===== Data supplied
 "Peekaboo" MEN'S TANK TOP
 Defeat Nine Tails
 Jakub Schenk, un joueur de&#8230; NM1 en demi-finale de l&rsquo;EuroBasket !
==========
===== Data supplied
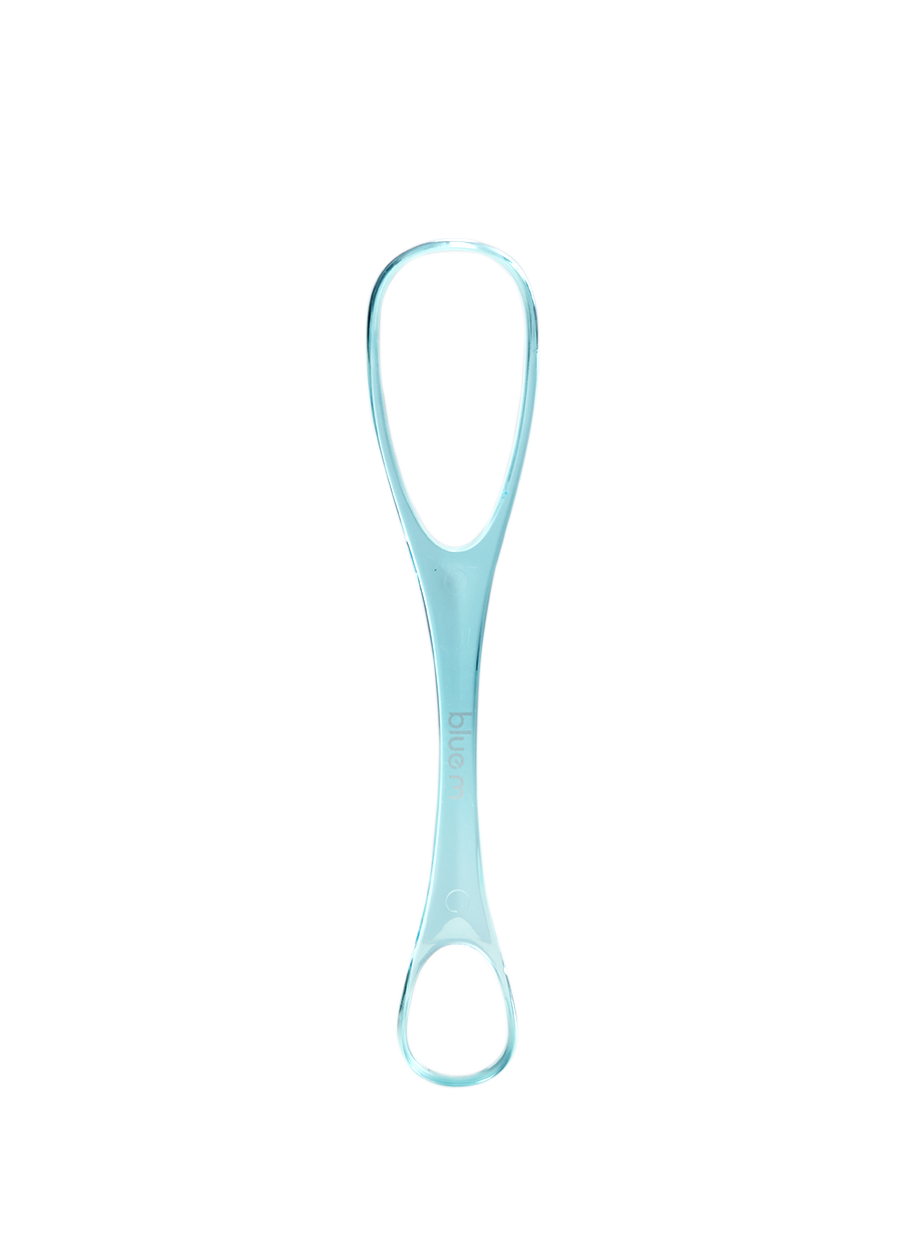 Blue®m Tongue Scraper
==========
===== Data supplied
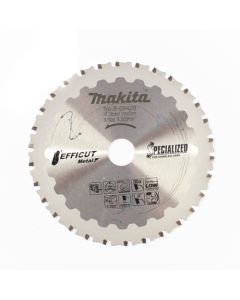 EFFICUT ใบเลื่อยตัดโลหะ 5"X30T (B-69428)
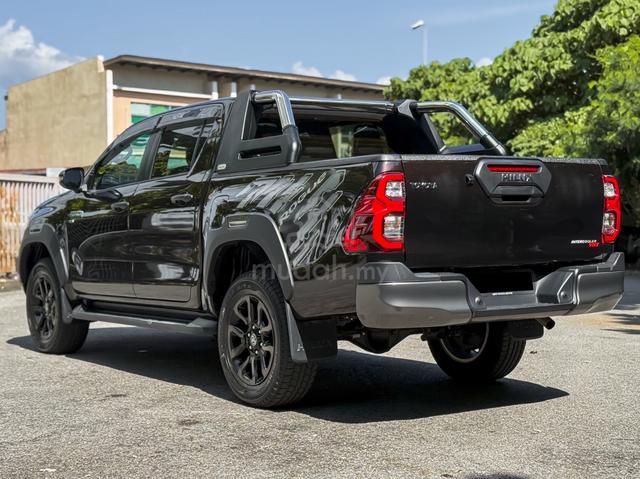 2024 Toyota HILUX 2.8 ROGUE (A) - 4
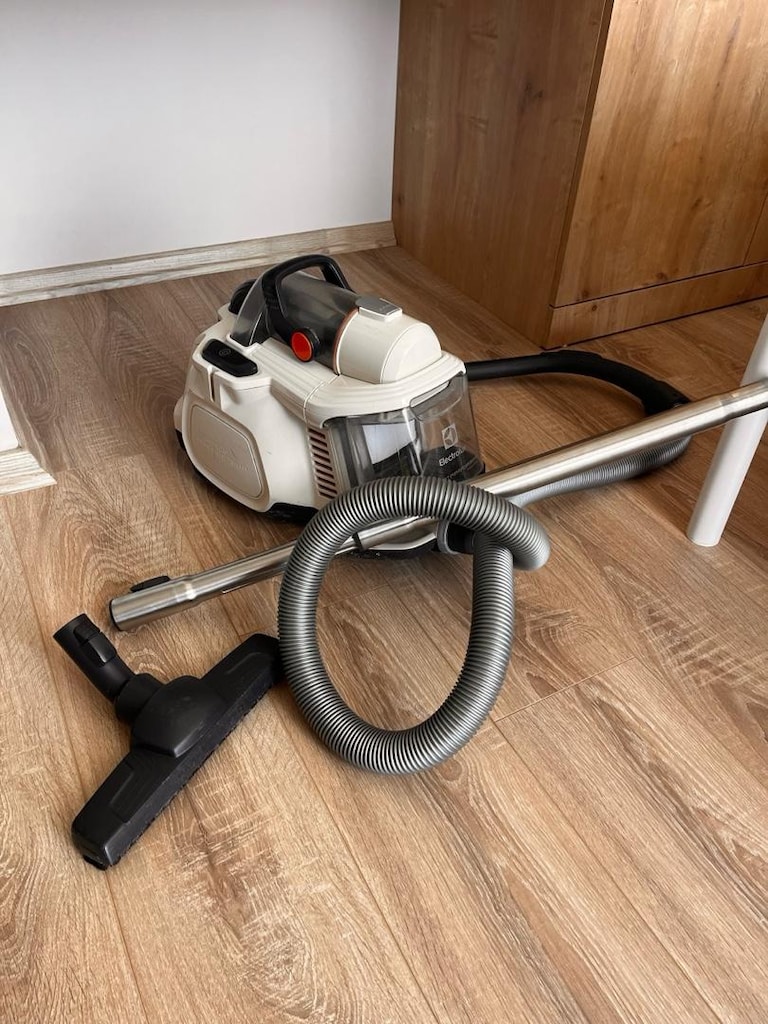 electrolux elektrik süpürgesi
==========
▶ **What you should do**
Within the listing above, print exactly the stretch beginning at the line that contains "2024 Toyota HILUX 2.8 ROGUE (A) - 4" and finishing at the line that contains "electrolux elektrik süpürgesi", ends kept, pictures left out, and nothing more.

▶ **Response area**
 2024 Toyota HILUX 2.8 ROGUE (A) - 4
 electrolux elektrik süpürgesi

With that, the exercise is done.